Bitcoin’s blockchain is an intricate system that records every transaction and documents all coin ownership. In essence, the blockchain has been programmed to act as a self-sufficient ledger, a new block is added to the chain whenever Bitcoin is bought, sold or exchanged. Every device that operates on the network stores a copy of the entire ledger and the ledger is updated on all devices whenever a transaction occurs. This means that the blockchain is fully transparent and available for everyone to view.
This blockchain structure was the first of its kind and it solved the double spend problem. The transparent ledger and foundational basis of the blockchain created a ‘trust-less’ system for all of its users. The system is designed to verify and document all transactions and therefore everyone is able to view the entire ledger. Not one individual or institution manages the ledger and because it is stored on every device that participates, it is impossible to hack. Due to the ‘trust-less’ system that the blockchain operates on, it allowed Bitcoin to claim the title of being the first ever secure decentralised currency.
In addition to this, Bitcoin’s blockchain does not require any of its user’s personal information, all you need is a Bitcoin wallet, which is a secure digital holding facility for your Bitcoin. Banks require your personal information (such as name, age, address etc). When sending or receiving money via bank transfers, the 2 parties involved in the transaction have to provide their personal information to each other, so that the financial institution can document who has sent and received a payment. However, this is not the case with Bitcoin. You do not need to provide your personal data to set up a wallet to send or receive Bitcoin, all you need is a wallet address.

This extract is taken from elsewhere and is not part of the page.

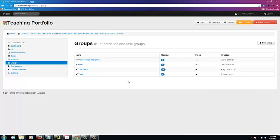The Course Portfolio Group function allows you to create and manage groupings for students registered in your course. You may later use the groups when creating new tasks, which is a normal practice when you assign projects or assignments to be done in groups.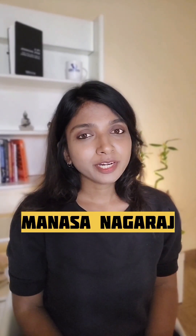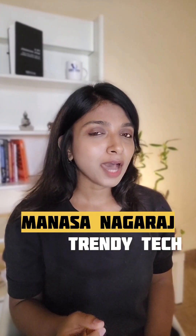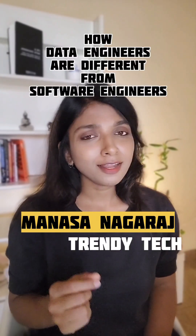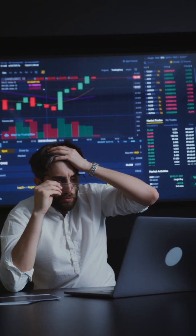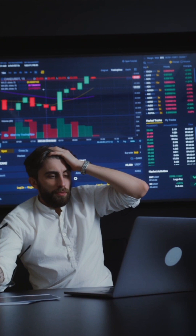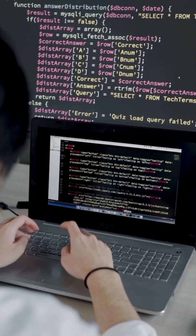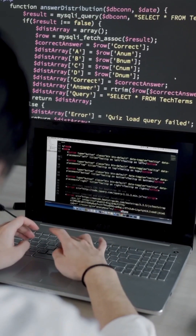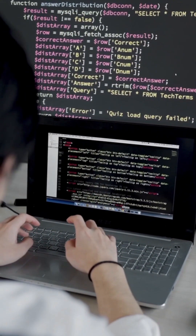Hey folks, this is Mansa Nagraj from Trendy Tech. Let's see how data engineers are differentiated from software engineers. Often, companies produce and receive data in some form but have no idea how to analyze it. There is a lack of necessary infrastructure to churn this raw data into something valuable — they need engineers to operationalize these huge volumes of collected data.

A wallet address is just a long string of numbers and letters that signify an individual’s holding account (much like an account number or sort code without a name associated to it). This allows for Bitcoin transactions to be conducted with complete anonymity. In essence, Bitcoin’s blockchain allows for its ledger to be transparent while keeping all transactions anonymous. You can see how much Bitcoin one user sends to another; however, you will never be able to find out who the accounts relate to and who the individuals are.
In summary, Bitcoin’s blockchain allows for its users to conduct transactions with complete anonymity and complete transparency in parallel. This was a revolutionary development that no prior cryptocurrencies were able to accomplish and solved the double spend problem. Many developers have since embedded this philosophy into their programming and coding, meaning that it has and will continue to shape the future of cryptography.